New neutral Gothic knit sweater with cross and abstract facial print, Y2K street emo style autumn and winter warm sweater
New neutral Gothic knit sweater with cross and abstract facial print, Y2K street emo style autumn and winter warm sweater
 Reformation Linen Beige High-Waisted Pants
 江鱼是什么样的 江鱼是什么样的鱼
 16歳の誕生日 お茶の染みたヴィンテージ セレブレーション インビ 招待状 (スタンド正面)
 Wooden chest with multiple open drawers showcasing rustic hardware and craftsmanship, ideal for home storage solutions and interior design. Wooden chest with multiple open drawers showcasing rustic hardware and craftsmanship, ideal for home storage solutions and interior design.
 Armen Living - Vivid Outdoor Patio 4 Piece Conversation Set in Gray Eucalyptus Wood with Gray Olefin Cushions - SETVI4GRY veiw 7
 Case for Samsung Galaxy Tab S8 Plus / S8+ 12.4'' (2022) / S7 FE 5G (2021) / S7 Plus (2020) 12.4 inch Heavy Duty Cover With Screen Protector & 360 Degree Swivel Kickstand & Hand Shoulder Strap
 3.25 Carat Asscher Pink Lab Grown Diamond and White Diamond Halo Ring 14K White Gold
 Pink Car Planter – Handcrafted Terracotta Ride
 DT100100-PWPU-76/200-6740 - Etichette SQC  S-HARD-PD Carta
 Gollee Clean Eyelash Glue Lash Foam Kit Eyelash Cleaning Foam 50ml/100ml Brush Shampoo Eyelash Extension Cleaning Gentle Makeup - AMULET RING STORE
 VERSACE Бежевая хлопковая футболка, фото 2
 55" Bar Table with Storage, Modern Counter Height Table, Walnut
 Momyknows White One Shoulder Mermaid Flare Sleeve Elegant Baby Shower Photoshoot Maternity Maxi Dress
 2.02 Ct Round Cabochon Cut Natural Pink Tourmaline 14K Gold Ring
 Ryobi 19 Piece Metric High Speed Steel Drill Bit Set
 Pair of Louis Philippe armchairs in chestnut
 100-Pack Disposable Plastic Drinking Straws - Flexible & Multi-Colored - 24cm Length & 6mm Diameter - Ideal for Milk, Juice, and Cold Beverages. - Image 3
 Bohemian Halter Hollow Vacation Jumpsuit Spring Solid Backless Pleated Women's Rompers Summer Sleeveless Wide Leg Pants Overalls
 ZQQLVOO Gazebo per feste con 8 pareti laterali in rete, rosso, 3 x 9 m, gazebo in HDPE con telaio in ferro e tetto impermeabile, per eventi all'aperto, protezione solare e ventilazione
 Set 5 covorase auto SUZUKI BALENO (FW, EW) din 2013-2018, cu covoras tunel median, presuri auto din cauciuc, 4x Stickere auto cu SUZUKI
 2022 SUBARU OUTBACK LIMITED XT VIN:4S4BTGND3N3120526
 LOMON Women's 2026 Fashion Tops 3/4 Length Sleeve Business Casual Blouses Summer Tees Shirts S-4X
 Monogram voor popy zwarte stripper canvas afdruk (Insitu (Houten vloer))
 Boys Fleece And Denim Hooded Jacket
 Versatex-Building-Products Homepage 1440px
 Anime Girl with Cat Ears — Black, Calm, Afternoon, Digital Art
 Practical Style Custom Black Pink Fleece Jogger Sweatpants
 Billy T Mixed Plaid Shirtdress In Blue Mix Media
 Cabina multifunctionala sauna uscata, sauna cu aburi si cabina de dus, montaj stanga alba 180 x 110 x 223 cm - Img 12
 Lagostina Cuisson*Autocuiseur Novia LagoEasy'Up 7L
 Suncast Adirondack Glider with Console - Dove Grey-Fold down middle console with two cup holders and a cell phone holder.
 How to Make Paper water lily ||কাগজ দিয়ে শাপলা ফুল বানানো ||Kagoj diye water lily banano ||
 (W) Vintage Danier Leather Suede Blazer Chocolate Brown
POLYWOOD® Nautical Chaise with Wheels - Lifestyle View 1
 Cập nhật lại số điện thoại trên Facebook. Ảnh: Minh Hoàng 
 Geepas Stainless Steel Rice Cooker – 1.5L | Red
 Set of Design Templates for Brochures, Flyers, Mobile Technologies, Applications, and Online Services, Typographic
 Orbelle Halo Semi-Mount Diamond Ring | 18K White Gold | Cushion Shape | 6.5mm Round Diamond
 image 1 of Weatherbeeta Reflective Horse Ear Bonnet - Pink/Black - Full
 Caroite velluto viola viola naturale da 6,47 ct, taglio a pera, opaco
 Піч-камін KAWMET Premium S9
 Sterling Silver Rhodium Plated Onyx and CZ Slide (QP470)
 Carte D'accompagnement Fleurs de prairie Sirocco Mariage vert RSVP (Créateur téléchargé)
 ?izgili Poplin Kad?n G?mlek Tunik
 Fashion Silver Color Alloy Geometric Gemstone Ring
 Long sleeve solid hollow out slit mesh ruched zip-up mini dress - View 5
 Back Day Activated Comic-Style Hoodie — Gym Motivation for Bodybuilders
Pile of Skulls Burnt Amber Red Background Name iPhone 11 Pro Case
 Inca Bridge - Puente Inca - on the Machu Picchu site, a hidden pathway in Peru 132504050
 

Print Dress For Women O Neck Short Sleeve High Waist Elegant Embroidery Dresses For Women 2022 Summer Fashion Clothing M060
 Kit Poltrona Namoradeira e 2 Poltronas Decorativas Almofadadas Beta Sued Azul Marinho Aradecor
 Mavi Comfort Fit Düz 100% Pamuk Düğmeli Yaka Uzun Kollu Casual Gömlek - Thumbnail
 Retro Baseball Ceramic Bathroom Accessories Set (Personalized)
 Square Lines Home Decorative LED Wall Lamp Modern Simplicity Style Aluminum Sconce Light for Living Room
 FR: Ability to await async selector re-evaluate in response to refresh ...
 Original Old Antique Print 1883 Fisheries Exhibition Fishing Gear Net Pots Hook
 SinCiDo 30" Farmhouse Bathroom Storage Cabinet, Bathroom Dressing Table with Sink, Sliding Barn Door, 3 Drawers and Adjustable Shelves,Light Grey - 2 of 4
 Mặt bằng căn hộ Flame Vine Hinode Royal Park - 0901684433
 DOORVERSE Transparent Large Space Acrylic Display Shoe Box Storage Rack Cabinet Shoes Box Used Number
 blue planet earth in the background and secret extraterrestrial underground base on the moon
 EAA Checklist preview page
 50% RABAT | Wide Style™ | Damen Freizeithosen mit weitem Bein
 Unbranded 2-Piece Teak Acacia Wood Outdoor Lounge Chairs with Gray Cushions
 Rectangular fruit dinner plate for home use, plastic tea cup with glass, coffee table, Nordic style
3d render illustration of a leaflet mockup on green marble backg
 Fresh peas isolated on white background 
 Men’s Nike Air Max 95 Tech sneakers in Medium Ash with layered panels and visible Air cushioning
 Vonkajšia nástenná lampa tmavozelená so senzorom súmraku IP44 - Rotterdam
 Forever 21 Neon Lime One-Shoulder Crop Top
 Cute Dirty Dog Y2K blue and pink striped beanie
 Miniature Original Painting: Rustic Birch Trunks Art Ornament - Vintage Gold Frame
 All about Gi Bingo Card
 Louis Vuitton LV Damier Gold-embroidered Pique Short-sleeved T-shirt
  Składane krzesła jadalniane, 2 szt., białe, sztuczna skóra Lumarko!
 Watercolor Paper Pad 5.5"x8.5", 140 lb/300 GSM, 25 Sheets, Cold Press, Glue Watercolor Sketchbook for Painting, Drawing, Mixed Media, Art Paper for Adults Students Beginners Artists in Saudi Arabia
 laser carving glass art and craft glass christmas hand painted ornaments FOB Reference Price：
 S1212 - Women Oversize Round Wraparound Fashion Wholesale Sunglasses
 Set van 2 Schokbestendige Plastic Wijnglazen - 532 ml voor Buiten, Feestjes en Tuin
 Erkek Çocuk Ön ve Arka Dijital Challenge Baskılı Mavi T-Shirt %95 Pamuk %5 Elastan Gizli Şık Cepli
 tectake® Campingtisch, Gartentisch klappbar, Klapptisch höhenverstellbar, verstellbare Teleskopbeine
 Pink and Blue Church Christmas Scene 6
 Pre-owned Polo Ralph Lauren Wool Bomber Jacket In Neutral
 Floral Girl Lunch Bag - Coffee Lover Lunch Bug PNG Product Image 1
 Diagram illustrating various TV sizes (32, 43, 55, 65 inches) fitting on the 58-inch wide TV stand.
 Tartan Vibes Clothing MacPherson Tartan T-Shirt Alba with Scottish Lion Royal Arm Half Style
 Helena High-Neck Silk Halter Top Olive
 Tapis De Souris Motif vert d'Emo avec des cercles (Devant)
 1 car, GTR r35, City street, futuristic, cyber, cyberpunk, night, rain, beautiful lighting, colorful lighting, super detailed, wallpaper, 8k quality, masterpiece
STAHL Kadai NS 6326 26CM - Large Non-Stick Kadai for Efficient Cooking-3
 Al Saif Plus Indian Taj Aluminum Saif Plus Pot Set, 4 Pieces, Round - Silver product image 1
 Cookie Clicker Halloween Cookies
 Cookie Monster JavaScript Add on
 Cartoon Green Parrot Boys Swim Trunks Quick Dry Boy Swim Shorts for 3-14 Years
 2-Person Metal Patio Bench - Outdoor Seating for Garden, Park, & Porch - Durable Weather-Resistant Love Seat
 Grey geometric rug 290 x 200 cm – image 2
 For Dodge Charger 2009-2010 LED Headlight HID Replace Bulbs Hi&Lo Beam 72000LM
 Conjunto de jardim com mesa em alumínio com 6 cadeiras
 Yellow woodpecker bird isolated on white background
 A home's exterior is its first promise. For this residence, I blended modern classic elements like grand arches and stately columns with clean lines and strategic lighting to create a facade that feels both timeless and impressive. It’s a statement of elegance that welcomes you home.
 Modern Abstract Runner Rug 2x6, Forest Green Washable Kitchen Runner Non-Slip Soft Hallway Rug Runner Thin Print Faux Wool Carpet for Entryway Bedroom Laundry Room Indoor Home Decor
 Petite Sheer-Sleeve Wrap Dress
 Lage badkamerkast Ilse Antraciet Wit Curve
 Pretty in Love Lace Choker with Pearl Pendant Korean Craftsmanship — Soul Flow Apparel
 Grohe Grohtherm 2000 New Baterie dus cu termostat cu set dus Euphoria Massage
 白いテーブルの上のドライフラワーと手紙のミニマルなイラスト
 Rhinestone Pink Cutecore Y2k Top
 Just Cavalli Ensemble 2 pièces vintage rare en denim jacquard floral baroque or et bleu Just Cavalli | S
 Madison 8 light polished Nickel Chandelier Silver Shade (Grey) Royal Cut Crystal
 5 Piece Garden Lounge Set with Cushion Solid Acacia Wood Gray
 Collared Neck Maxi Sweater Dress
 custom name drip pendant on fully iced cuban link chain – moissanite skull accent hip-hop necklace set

=-=-=-=-=

* [The problem]: Above are the entries. Output exactly the lines beginning with the line that has "Cute Dirty Dog" and ending with the line that has "Cartoon Green Parrot".

* [Written response]:
 Cute Dirty Dog Y2K blue and pink striped beanie
 Miniature Original Painting: Rustic Birch Trunks Art Ornament - Vintage Gold Frame
 All about Gi Bingo Card
 Louis Vuitton LV Damier Gold-embroidered Pique Short-sleeved T-shirt
  Składane krzesła jadalniane, 2 szt., białe, sztuczna skóra Lumarko!
 Watercolor Paper Pad 5.5"x8.5", 140 lb/300 GSM, 25 Sheets, Cold Press, Glue Watercolor Sketchbook for Painting, Drawing, Mixed Media, Art Paper for Adults Students Beginners Artists in Saudi Arabia
 laser carving glass art and craft glass christmas hand painted ornaments FOB Reference Price：
 S1212 - Women Oversize Round Wraparound Fashion Wholesale Sunglasses
 Set van 2 Schokbestendige Plastic Wijnglazen - 532 ml voor Buiten, Feestjes en Tuin
 Erkek Çocuk Ön ve Arka Dijital Challenge Baskılı Mavi T-Shirt %95 Pamuk %5 Elastan Gizli Şık Cepli
 tectake® Campingtisch, Gartentisch klappbar, Klapptisch höhenverstellbar, verstellbare Teleskopbeine
 Pink and Blue Church Christmas Scene 6
 Pre-owned Polo Ralph Lauren Wool Bomber Jacket In Neutral
 Floral Girl Lunch Bag - Coffee Lover Lunch Bug PNG Product Image 1
 Diagram illustrating various TV sizes (32, 43, 55, 65 inches) fitting on the 58-inch wide TV stand.
 Tartan Vibes Clothing MacPherson Tartan T-Shirt Alba with Scottish Lion Royal Arm Half Style
 Helena High-Neck Silk Halter Top Olive
 Tapis De Souris Motif vert d'Emo avec des cercles (Devant)
 1 car, GTR r35, City street, futuristic, cyber, cyberpunk, night, rain, beautiful lighting, colorful lighting, super detailed, wallpaper, 8k quality, masterpiece
STAHL Kadai NS 6326 26CM - Large Non-Stick Kadai for Efficient Cooking-3
 Al Saif Plus Indian Taj Aluminum Saif Plus Pot Set, 4 Pieces, Round - Silver product image 1
 Cookie Clicker Halloween Cookies
 Cookie Monster JavaScript Add on
 Cartoon Green Parrot Boys Swim Trunks Quick Dry Boy Swim Shorts for 3-14 Years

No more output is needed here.